More and more states are likely to buy the argument that the
only way to be secure in a unipolar world is to go down the
nuclear road "to pre-empt pre-emption", one analyst
said. "People look at the different ways that the 'Axis
of Evil' states Iraq and North Korea have been treated and they
draw their own conclusions."
"What other countries are going to sit around after dinner
saying, if Pakistan's got the bomb why haven't we?" said
Mr Plesch. On the list of those likely to be holding such conversations,
he said, are Egypt, Indonesia, Turkey and perhaps pre-eminently
Japan, North Korea's uneasy neighbour.
No long-term ill consequences threaten those that go down such
a route.

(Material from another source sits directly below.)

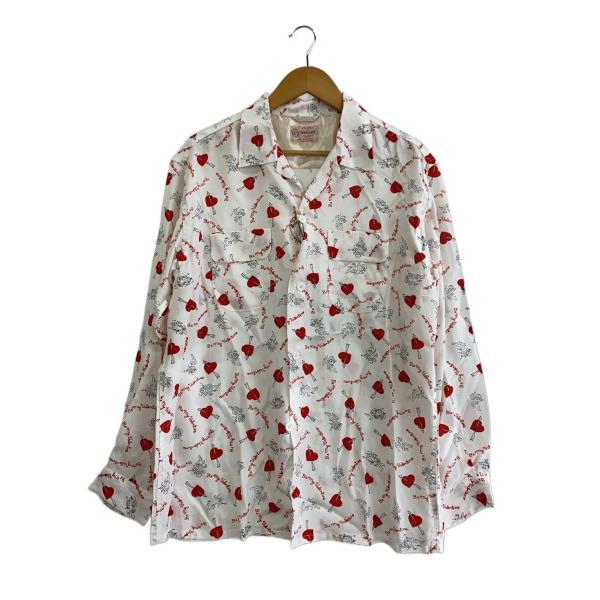 TOWN CRAFT◆PRINTED LOOP COLLAR SHIRT/長袖シャツ/L/レーヨン/...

After India, then Pakistan, tested nuclear weapons
in 1998, sanctions were clamped and both countries widely condemned.
But all that changed after 11 September 2001, when the US needed
Pakistan's co-operation.
Last week, America's outgoing Ambassador to India, Robert Blackwill,
spoke of India as "a rising great power of the 21st century"

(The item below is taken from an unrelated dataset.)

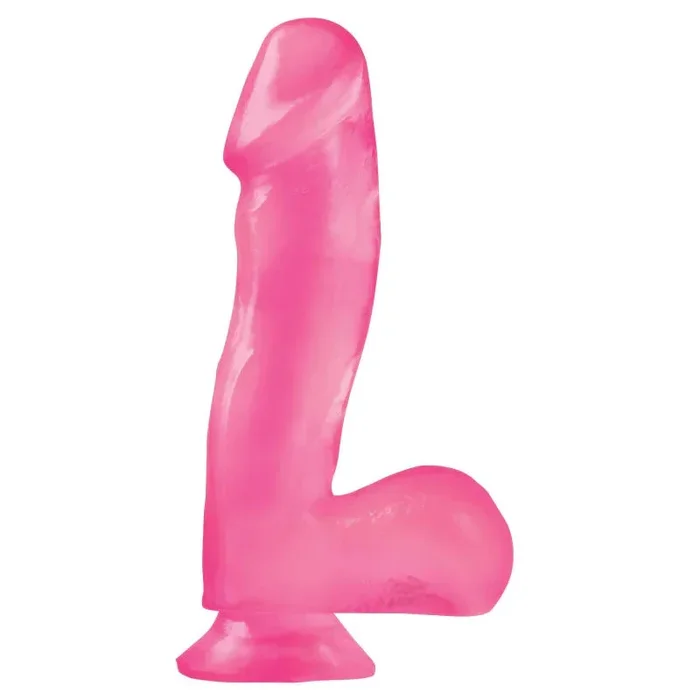 Basix Rubber Works – 6.5 Inch Dong With Suction Cup – Pink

and of how the US and India "have made enormous strides"
in the past two years towards "forging concentrated strategic
collaboration". "Two years ago, there were economic
sanctions .... against India related to its 1998 nuclear tests,"
Blackwill said. "Today, those sanctions are long gone."
India congratulates itself that its stock in the world is higher
now than before it got the bomb.
"It's a double hit," said Mr Plesch. "A failure
to disarm the world at the end of the Cold War. And now proliferating
countries and the United States all deciding that they are not
interested in this or other treaties any more ... the whole
future of the treaty is up for grabs."